- [Task statement]
Each line of the data must be written out again verbatim; no image belongs in the copy.

- [Recorded information]
____
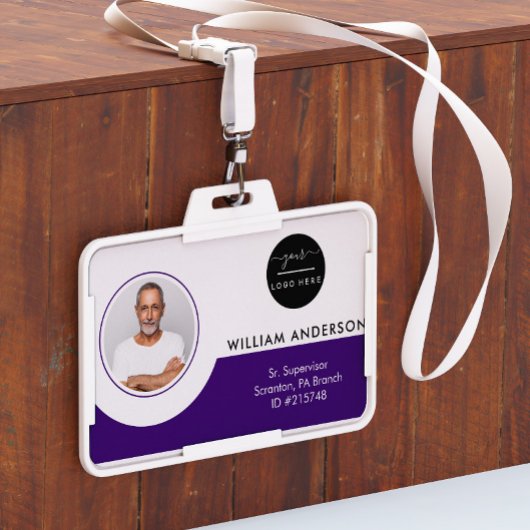 従業員パーソナライズされた写真ID会社セキュリティバ バッジ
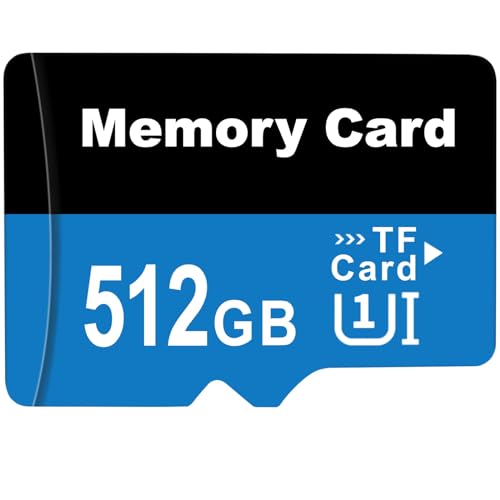 dolrun SD Karte 512 GB - Speicherkarte SD-Karte 512GB Mini SD Karte Externe Datenspeicher Memory Karte für Laptops, Kameras, Android Handy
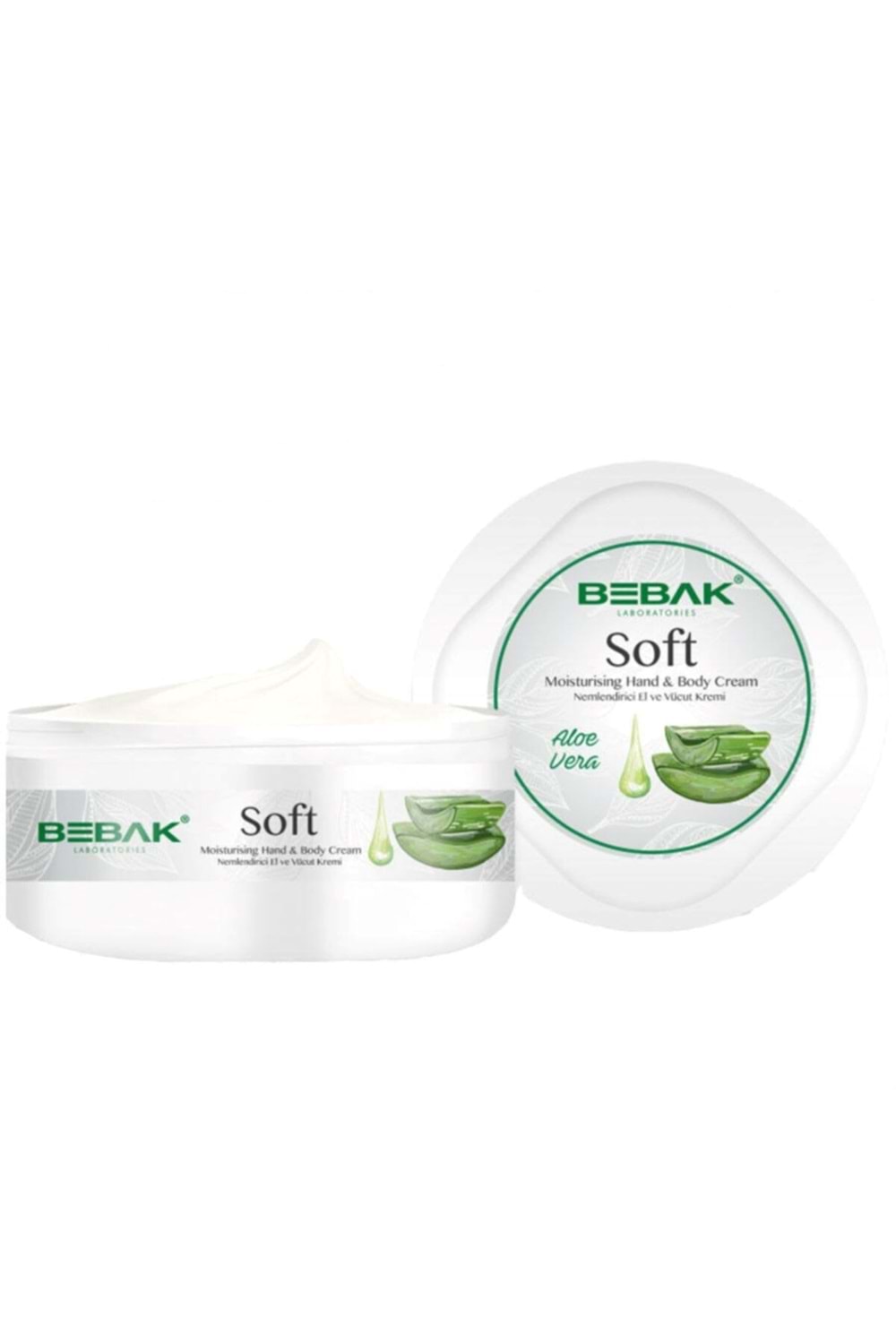 Bebak Nemlendirici El & Vücut Kremi Aloe Vera - Soft Moisturising Hand & Body Cream 300 ml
____
- [Task result]
 従業員パーソナライズされた写真ID会社セキュリティバ バッジ
 dolrun SD Karte 512 GB - Speicherkarte SD-Karte 512GB Mini SD Karte Externe Datenspeicher Memory Karte für Laptops, Kameras, Android Handy
 Bebak Nemlendirici El & Vücut Kremi Aloe Vera - Soft Moisturising Hand & Body Cream 300 ml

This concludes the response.